### What the task asks
After locating the line that holds "Dreamy Designer Apt", copy that line and all that follow it word for word through the end of the data, with no pictures.

------ Records shown

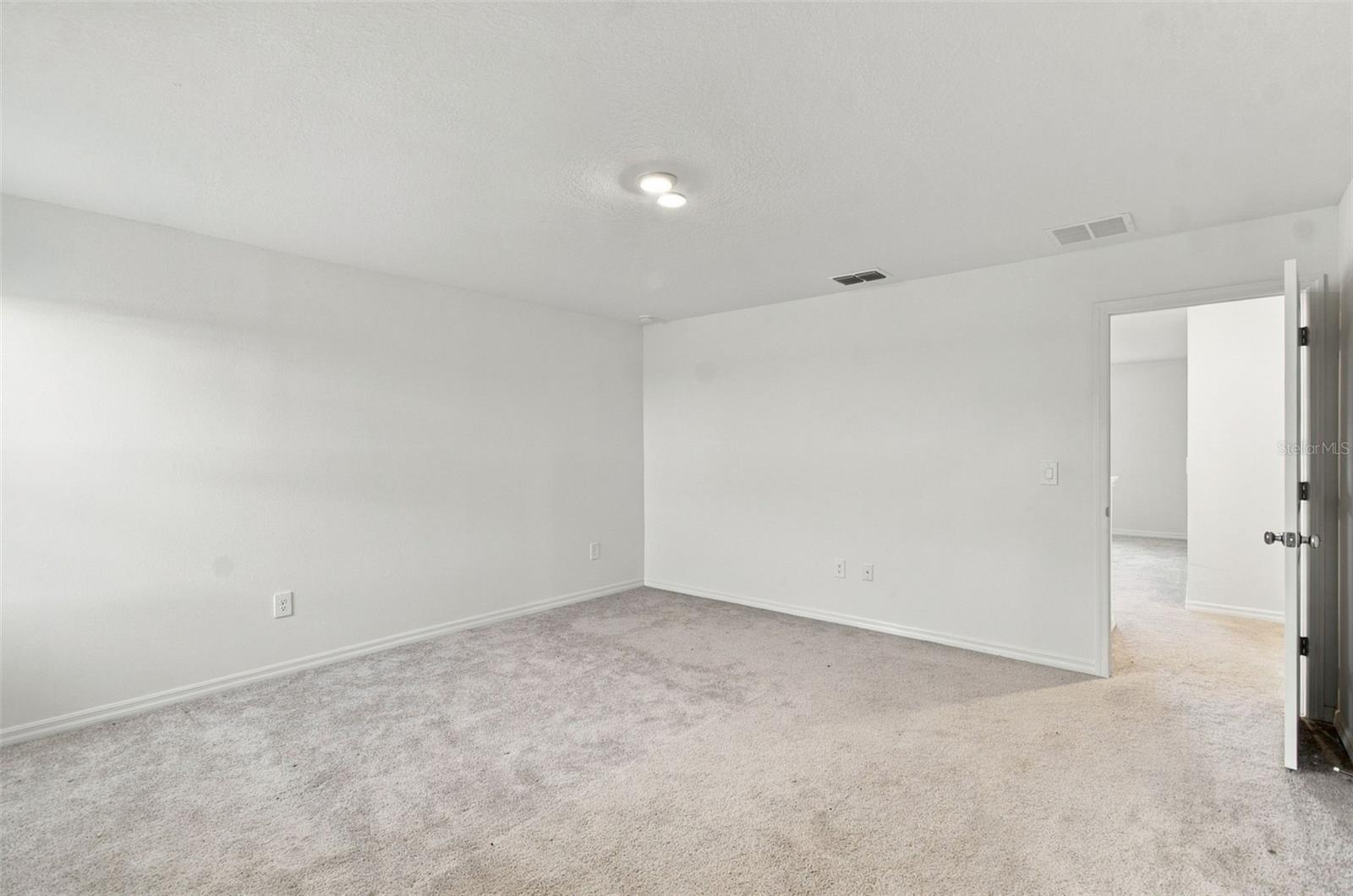 5821 YELLOW HORNBILL AVENUE, Wimauma, FL 33598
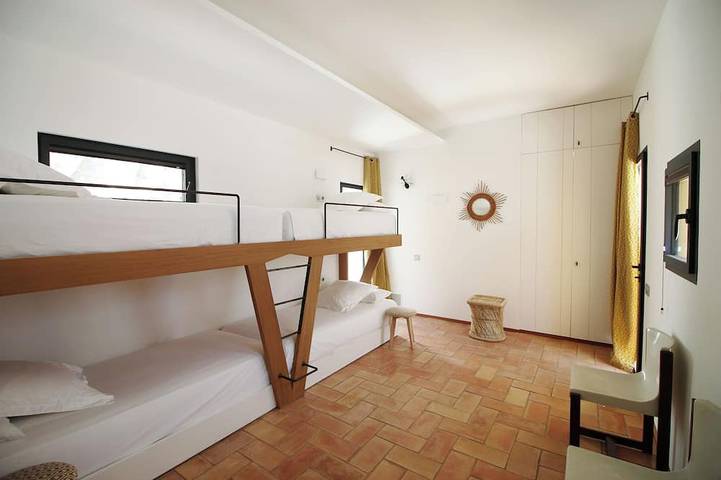 Ferienhaus für 20 Personen, mit Terrasse und Garten in Cadaques - 3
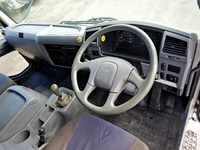 三菱ふそうファイター幌ウイング増トン（6t・8t）[写真13]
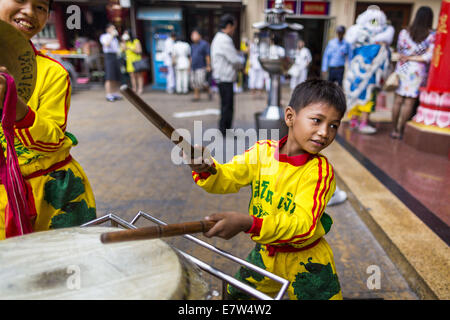 Bangkok, Thaïlande. Sep 24, 2014. Un garçon dans une troupe de danse du lion de la jeunesse joue de la batterie dans le Temple Thian Fah dans le quartier chinois de Bangkok. Sa troupe jouait dans les rues de Chinatown et solliciter des dons de passants. Le festival est célébré dans toute la Thaïlande. C'est la version thaïlandaise de l'empereur les neuf dieux Festival, une célébration taoïste de neuf jours à compter de la veille du 9e mois lunaire du calendrier chinois. Credit : ZUMA Press, Inc./Alamy Live News Banque D'Images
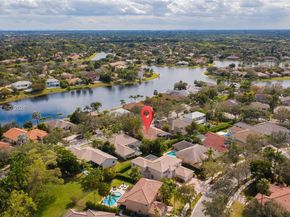 2621 Oakbrook Ln, Weston FL 33332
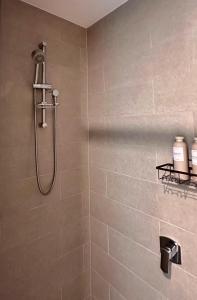 Dreamy Designer Apt Wintergarden Dining 1min to Stadium & Parking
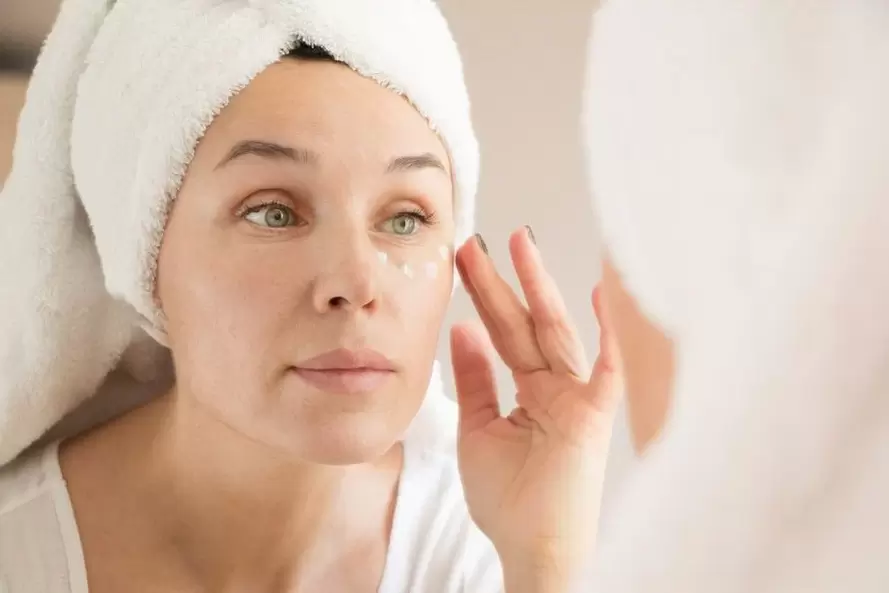 Tragen Sie eine Anti-Falten-Creme unter den Augen auf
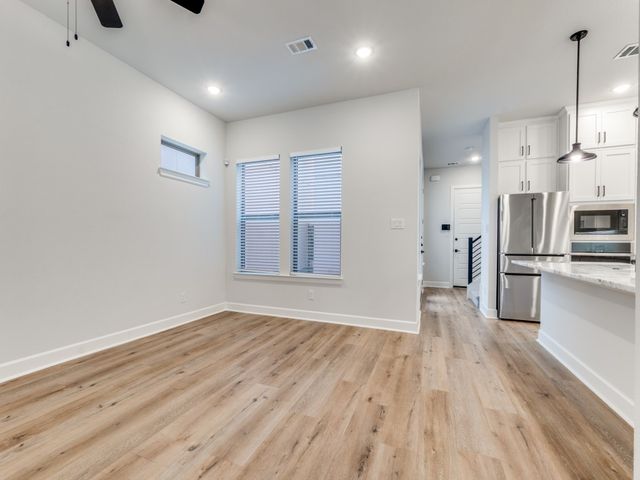 608 Aspen Valley Lane, Dallas, TX 75208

------------

### Answer
 Dreamy Designer Apt Wintergarden Dining 1min to Stadium & Parking
 Tragen Sie eine Anti-Falten-Creme unter den Augen auf
 608 Aspen Valley Lane, Dallas, TX 75208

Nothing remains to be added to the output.